Eu sei, é muito, mas muito prático ter um login apenas para decorar. Você já tem uma conta Google, uma Facebook, todos os outros sites do mundo oferecem a possibilidade de você se cadastrar utilizando um cadastro que você já tem, você cadastra em um clique, tudo funciona magicamente.

Mas como justamente estamos tentando tirar os olhos destas empresas de nossas outras atividades digitais, este passo talvez devesse ser o primeiro, antes de tudo o que já mencionei. Exatamente: desassociar mesmo suas atividades de Spotify, Netflix e outros diversos sites e apps que oferecem a opção de se cadastrar com contas Google e Facebook. Que tal apenas usar um e-mail e uma senha?

Claro, você também não vai ter cabeça para seguir os guias de segurança e decorar uma senha diferente de pelo menos 16 caracteres para cada serviço que usa. Então a dica é utilizar um gerenciador de senhas, como o 1Password, o LastPass ou, para quem é ainda mais desconfiado e não confia em nuvem, KeePass.

É um bom exercício para começar: no meio do caminho, você vai perceber que também já nem usa um monte deles. Naquela trajetória de eliminar o GMail, eu aproveitei para trocar diversos cadastros que ou ainda estavam com cadastro direto via Google/Facebook ou utilizavam aquele e-mail como conta.

Outro bom exercício é verificar se o seu e-mail associado a essas contas já esteve em algum dos grandes vazamentos de bancos de dados de empresas de tecnologia, caso não lembre tudo o que precisa apagar. A Mozilla tem um serviço com este fim e você pode inclusive assinar e receber avisos caso seu endereço esteja em algum vazamento futuro.

Ajustes finos de privacidade no Firefox

O navegador Firefox é um dos mais recomendados por especialistas quando o assunto é privacidade. Mais até do que o famigerado Tor Browser (que aliás é derivado do próprio Firefox).

Entretanto, há mais alguns ajustes que podem e devem ser feitos para melhorar a sua privacidade e que vão bem além dos já citados containers para compartimentar a navegação.

Aqui, eu traduzo com algumas opiniões pessoais o guia da Restore Privacy para tornar o navegador ainda melhor.

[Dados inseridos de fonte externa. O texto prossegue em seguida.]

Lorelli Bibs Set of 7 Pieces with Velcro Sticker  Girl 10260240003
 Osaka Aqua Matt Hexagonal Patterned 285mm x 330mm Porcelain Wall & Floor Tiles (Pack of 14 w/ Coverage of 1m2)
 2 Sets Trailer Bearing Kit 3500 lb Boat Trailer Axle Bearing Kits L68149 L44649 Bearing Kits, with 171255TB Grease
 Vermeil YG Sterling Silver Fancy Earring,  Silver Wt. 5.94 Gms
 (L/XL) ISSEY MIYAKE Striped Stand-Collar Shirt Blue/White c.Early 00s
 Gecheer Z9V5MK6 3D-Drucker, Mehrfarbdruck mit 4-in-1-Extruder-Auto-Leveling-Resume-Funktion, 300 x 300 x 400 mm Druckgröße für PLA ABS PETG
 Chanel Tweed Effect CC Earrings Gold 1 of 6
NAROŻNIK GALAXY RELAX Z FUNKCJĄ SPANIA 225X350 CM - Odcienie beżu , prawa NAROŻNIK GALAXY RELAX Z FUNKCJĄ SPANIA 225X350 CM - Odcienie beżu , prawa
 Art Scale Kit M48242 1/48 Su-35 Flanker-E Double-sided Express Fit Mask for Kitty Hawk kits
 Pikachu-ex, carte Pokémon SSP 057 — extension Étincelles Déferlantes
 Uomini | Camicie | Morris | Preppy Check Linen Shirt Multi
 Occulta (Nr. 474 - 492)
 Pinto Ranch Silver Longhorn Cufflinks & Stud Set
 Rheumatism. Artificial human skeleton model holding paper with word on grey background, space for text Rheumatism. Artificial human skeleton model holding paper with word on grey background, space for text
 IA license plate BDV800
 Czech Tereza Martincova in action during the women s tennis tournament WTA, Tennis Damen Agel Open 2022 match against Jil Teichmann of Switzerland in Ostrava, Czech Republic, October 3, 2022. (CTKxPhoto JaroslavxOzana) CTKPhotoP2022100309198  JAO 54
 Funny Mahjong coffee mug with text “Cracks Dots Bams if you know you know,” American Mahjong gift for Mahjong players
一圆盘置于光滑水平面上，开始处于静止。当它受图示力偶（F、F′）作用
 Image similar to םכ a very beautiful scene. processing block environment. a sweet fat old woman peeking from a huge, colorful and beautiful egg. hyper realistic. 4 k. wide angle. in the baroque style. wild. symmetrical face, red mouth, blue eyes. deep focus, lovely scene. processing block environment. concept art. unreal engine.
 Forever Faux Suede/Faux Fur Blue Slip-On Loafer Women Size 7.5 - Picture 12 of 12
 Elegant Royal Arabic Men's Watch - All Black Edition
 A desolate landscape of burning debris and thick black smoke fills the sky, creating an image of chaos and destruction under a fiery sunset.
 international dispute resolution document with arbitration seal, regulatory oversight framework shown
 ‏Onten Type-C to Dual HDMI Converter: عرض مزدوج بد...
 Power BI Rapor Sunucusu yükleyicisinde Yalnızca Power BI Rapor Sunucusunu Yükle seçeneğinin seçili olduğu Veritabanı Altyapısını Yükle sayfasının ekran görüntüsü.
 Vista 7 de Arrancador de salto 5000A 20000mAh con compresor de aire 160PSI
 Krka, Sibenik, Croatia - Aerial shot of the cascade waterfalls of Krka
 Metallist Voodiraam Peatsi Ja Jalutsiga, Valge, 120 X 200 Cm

Mas termine de ler todo o texto antes de realizar as modificações, principalmente o que falamos sobre fingerprinting. Há diversos especialistas que defendem que se mexa o mínimo possível nos navegadores – o que é chamado de vanilla, uma versão de fábrica sem nenhum componente adicional. Entretanto, não acho exatamente ruim a ideia de algumas extensões e edições no Firefox que serão descritas pelo motivo de também não serem exatamente nocivas.

Desabilitar a telemetria

Como quase todo programa, o Firefox também pede que alguns de seus dados de uso sejam enviados para a Mozilla para fins de desenvolvimento do produto. É possível desabilitar em Menu > Preferências > Privacidade e Segurança, na seção Coleta e Uso de Dados pelo Firefox.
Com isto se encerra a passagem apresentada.